5 pounds (4 individual) fish such as red snapper, cleaned, gutted and scaled
1 cup sliced onion
1/2 cup minced scallion
1/4 cup lime juice
1 tablespoon minced parsley
1 teaspoon mashed garlic
1 teaspoon salt
2 cups plus 1 tbsp oil for frying
2 cups coconut milk (freshly made or canned)
1/2 fish bouillon cube
1/2 teaspoon curry powder
1/4 teaspoon ground cumin
1/4 teaspoon pepper
Make sure all the scales have been removed from the fish by passing your hands over them from tail to head. Make 3 or 4 slashes along the sides of the skin of each fish; they should go all the way down to the bones.
Combine the sliced onion, scallion, lime juice, parsley, garlic, and salt, and run them inside the cuts and in the belly of the fish.
Cover and set aside in the refrigerator for 15 minutes or until ready to fry.
When you are ready to fry the fish, remove the onion mixture from the fish and drain the lime juice out.

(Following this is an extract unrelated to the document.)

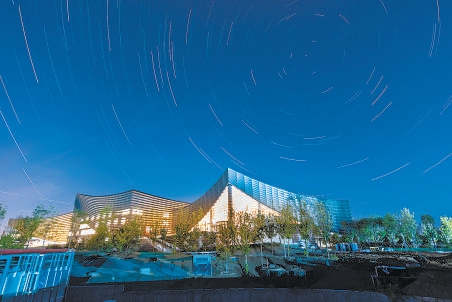 北京藝術中心星軌。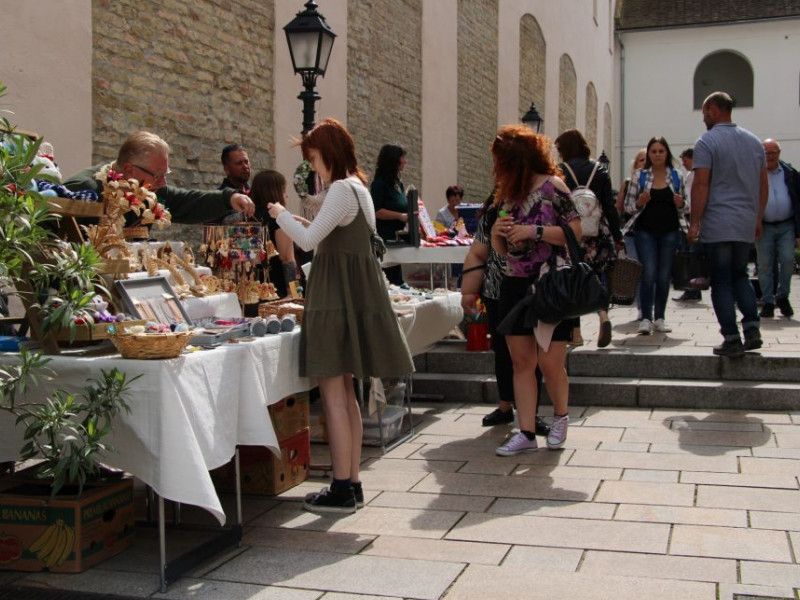 Majális a múzeumban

Discard the liquid but keep the rest.
Heat 2 cups of oil in a large sauté pan or wok over medium heat to 350°F.
Carefully drop the fish into the oil and fry for 2 minutes. Turn and fry for 2 minutes more.
Remove from the oil and drain over paper towels.

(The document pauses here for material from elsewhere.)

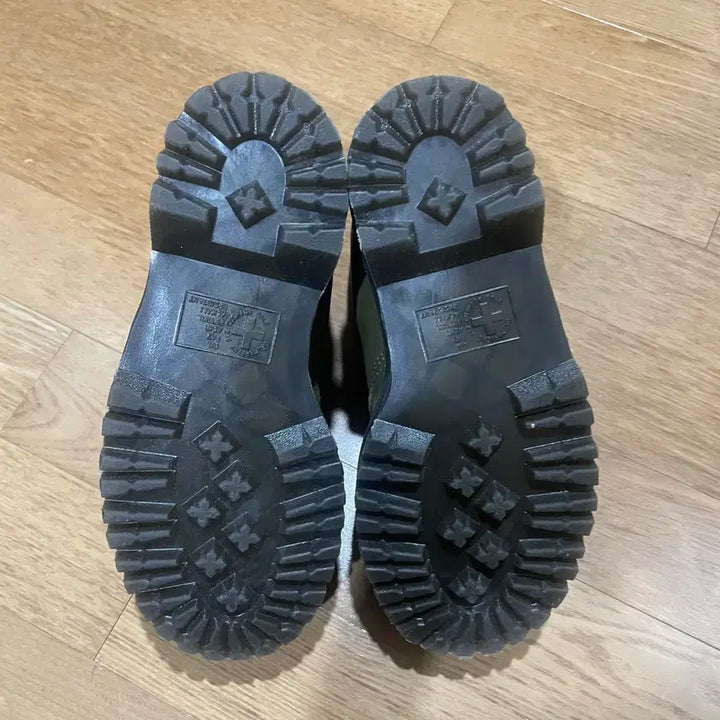 [BUNJANG] Dr. Martens Devon Flower Buckle Leather Boots (230-235) / 닥터마틴 데본 플라워 버클 가죽 부츠 230-235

While the fish are frying, in another large sauté pan place the onion mixture you removed from the fish with the tablespoon of oil. Cook over medium heat until the onion is translucent, about 7 minutes. Add the coconut milk, bouillon cube, curry, cumin, and pepper. Cook briefly to blend the flavors.
When all the fish have been fried, place them into the coconut sauce and finish cooking, 5 minutes on each side.
If you wish to bake or broil the fish instead of frying them, go ahead: Bake at 450°F for eight minutes on each side or broil for five minutes on each side; otherwise, follow the rest of the instructions.
If you wish to prepare fish fillets, then you can prepare either less sauce, or more than four large fillets.